Start and stop cut detection

Start and stop cuts in the audio

It is a common practice to leave small regions of silence at the beginning and end of the music tracks. One of the reasons is that, for example, some CD players are rather slow starting the playback. In this case, this simple technique helps reducing glitches or artefacts.

In this context, we define a start or stop cut as not having enough starting or end silence, where the amount of silence that is considered enough may vary depending on the application or target device. While detecting this phenomenon is trivial from an engineering point of view, in this notebook, we will demonstrate how to do it in a few lines with Essentia algorithms.

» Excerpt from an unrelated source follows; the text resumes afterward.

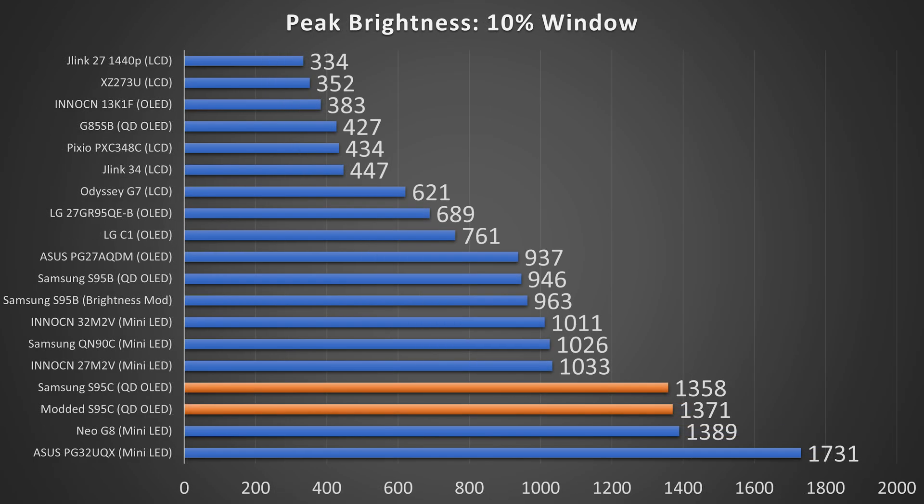Now taking a look at the 10% window, here you can see by default it got 1,358 nits, and then after the modification it got 1,371 nits. But as you're going to see in just a second, the 1% window is where things really change.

from IPython.display import Audio
from essentia.standard import MonoLoader, StartStopCut
import numpy as np
import matplotlib.pyplot as plt

plt.rcParams["figure.figsize"] = (12, 9)
def compute(x, frame_size=1024, hop_size=512, **kwargs):
    start_cut, stop_cut = StartStopCut(
        frameSize=frame_size,
        hopSize=hop_size,
        **kwargs
    )(x)

    start_color = "r" if start_cut else "g"
    stop_color = "r" if stop_cut else "g"

    return start_color, stop_color

Detecting start and stop cuts

StartStopCuts works by comparing the position of the first and last non-silent frames to the actual beginning and ending of the audio stream. The algorithm features parametrizable starting and ending time thresholds (maximumStartTime and maximumStopTime) that can be configured according to the user’s needs. The input stream is considered to contain a starting (ending) cut if the first (last) non-silent frame occurs before (after) maximumStartTime (maximumStopTime).

Notes:

This algorithm is designed to operate on the entire (file) audio. In the streaming mode, use it in combination with RealAccumulator.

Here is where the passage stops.